L’endroit que vous préférez dans le nord
Le lieu où je me plais le plus, c’est chez moi : un appartement qui est à moi parce qu’il est très strictement le fruit de mon travail. Chaque meuble, chaque objet me le rappelle tous les jours. S’approprier d’un espace pour un expatrié, est aussi une confrontation contre soi-même ; c’est assumer la distance et la perte. Je suis aujourd’hui dans un lieu qui me ressemble. Cela m’a pris des années et ce n’est certainement pas fini.
Et de ce lieu, je préfère ma bibliothèque. Constituer une bibliothèque bolivienne (elle n’est pas seulement bolivienne bien entendu) – pays underground par excellence – c’est aussi quelque chose. Dans cet espace, porteur de voyages proches des odyssées ; porteur de mon pays et qui me le donne à chaque fois avec une proximité et une vivacité émouvantes.

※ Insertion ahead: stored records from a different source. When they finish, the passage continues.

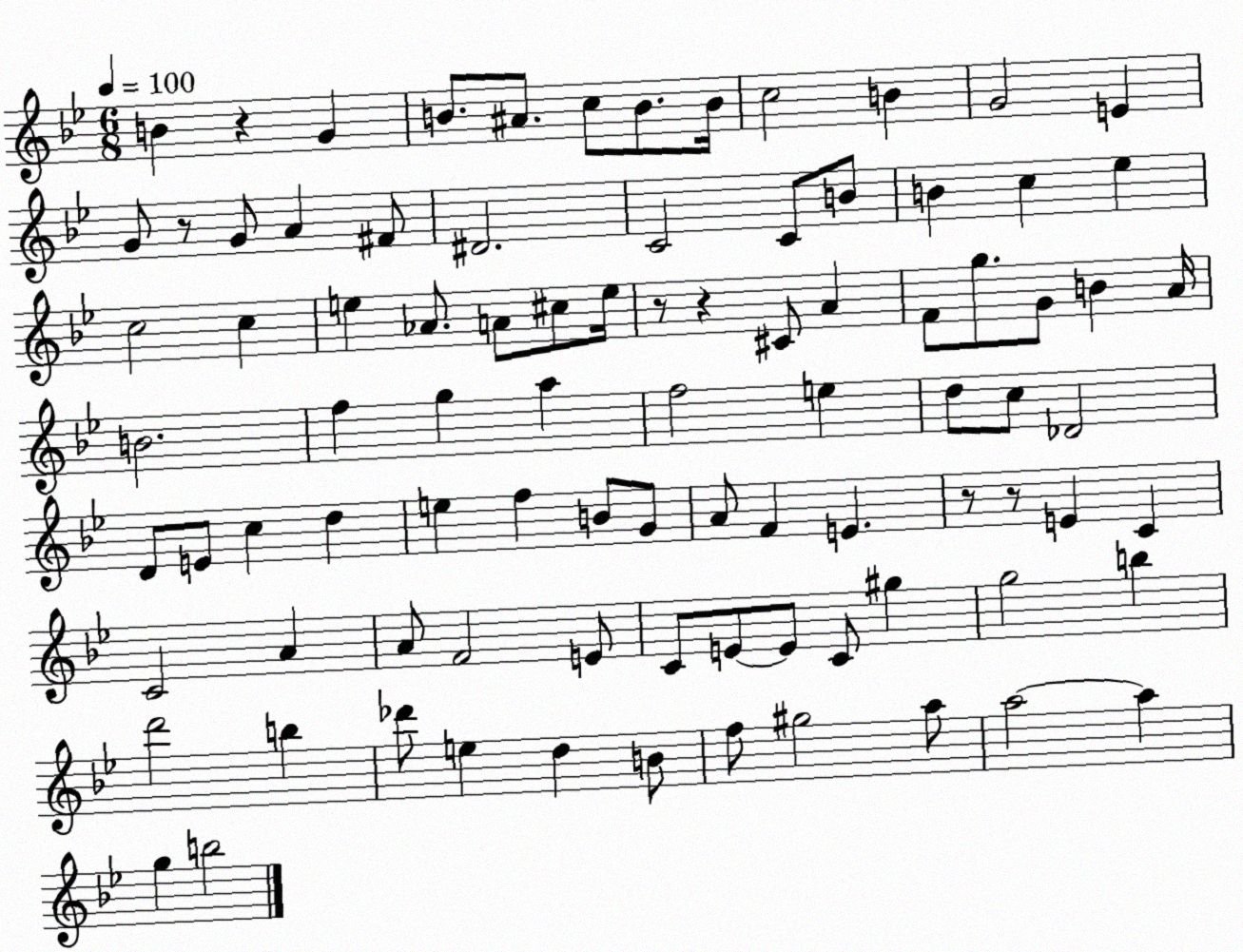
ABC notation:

X:1
T:Untitled
M:6/8
L:1/4
K:Bb
B z G B/2 ^A/2 c/2 B/2 B/4 c2 B G2 E G/2 z/2 G/2 A ^F/2 ^D2 C2 C/2 B/2 B c _e c2 c e _A/2 A/2 ^c/2 e/4 z/2 z ^C/2 A F/2 g/2 G/2 B A/4 B2 f g a f2 e d/2 c/2 _D2 D/2 E/2 c d e f B/2 G/2 A/2 F E z/2 z/2 E C C2 A A/2 F2 E/2 C/2 E/2 E/2 C/2 ^g g2 b d'2 b _d'/2 e d B/2 f/2 ^g2 a/2 a2 a g b2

La cause qui vous tient le plus à cœur…
La cause féministe. C’est un combat permanent, d’abord contre soi-même et ensuite contre les pressions sociales. Les femmes sont, encore et encore, partout dans le monde, le côté accessoire du monde du travail. Il est permis, et fortement conseillé, aux femmes d’aller, dans leur parcours professionnel, seulement aussi loin que le « grand », « naturel » et « véritable » projet de famille conventionnelle le permette ; et souvent ça veut dire pas loin du tout. Les femmes sont ainsi, chacun le sait, le côté le plus précaire et le plus pauvre du monde du travail. Sans vouloir dire qu’il y a des destins plus légitimes que d’autres, je refuse radicalement l’idée d’un seul destin dit « féminin ». Dans ce monde-là, se battre pour cette idée, dans n’importe quel domaine et à n’importe quel niveau, est toujours un exploit.